DTR550 questions

Hi,

Glad I found you guys. There isn’t a lot of good information about the DTRs out there, I was happy to run across this forum! I have the latest CPS installed, and I have some questions about security, programming, and how the DTRs work.

Is there a way to STOP the 550 from scanning the private groups at all times?

With the public groups - are there simply 20 public groups available on a DTR, and they’re discoverable by any other DTR regardless of what they’re called?

Thanks!!

Welcome! Glad you found us.

Is there a way to STOP the 550 from scanning the private groups at all times?

Chapter 3 in the manual, it’s part of the Advanced Radio Operations. If you don’t have the manual you can find it here.

With the public groups - are there simply 20 public groups available on a DTR, and they’re discoverable by any other DTR regardless of what they’re called?

Yeah, AFAIK. I never use them. (Public groups that is)

i see how to shut public group scanning off. Is there no way to disable private group scanning?

Remove yourself from that group.

Then, there’s no use in having multiple private groups that include all radios, correct?

There’s no reason to use groups except if you wish to group radios together in logical departments.
Groups are used to select several radios who wish to talk together. For example:

RADIOS

  1. LX1 (Home group: Lights)
  2. LX2 (Home group: Lights)
  3. SND1 (Home group: Sound)
  4. SND2 (Home group: Sound)
  5. MGT1 (Home group: Mgmt)
  6. MGT2 (Home group: Mgmt)

GROUPS
Pvt Group 1: Lights (LX1,LX2)
Pvt Group 2: Sound (SND1, SND2)
Pvt Group 3: Mgmt (MGT1, MGT2)
All (All 6 radios)

Calling Lights will only reach radios 1 & 2.
Calling All will reach all radios.

This might help (or make it more confusing).

I was thinking of having several private “channels” for different uses, and was surprised to find out that talking on one private group means that all radios who belong to that private group will receive the transmission WHETHER THEY ARE CURRENTLY TUNED TO THAT GROUP OR NOT. It appears the only way to have discrete ‘channels’ like this is to use public groups, which are, um, public (that is, discoverable by other DTRs). No solution here I assume.

I’m curious as to why you would need to set things up that way? Can you give an example of what you’re trying to do?

Think of private groups like e-mail lists. If you send to that e-mail list, everyone on it will receive the e-mail.

Apologies if necro-ing a post is poor form here, but I had exactly the same question as 97B and (I suspect) for the same reasons.

Basically, the question arises from a practice (that I thought was pretty common) of giving every radio in a system exactly the same programming. The radios themselves are effectively “stateless”, since any user from any department can grab any radio (particularly handy if their normal radio is broken), switch to their department’s channel, and proceed as normal. This also eases administration, since it means you can program all the radios in the system once and then basically never touch them again.

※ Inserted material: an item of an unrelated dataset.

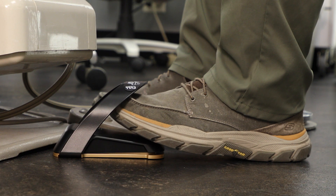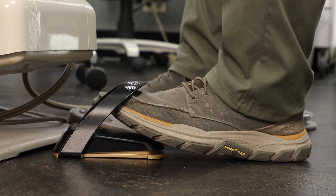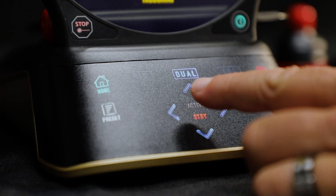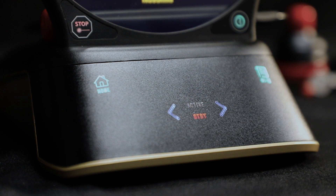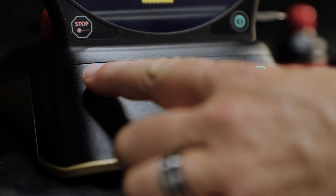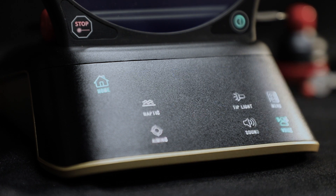If the activation pedal is released mid-treatment, the timer will pause and will resume when the pedal is depressed again. The unit is designed with Guided Touch Interface, or GTI. As you operate, the Gemini Evo only has relevant icons light up to help guide you through the interface and make proper input selections.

Obviously this ignores a great deal of the power of private groups, but (if it could be achieved) would still allow the privacy benefits of the private groups will maintaining the flexibility of the stateless approach.

I haven’t figure out a way to duplicate this behaviour with private groups, primarily because of the limitation (in-the-box, at least) that you can’t create a private group with no members.

(Also, FWIW, my understanding is that the newest generation of DTRs only listens to the current active private group by default, but that’s neither here nor there for those of us with older radios.)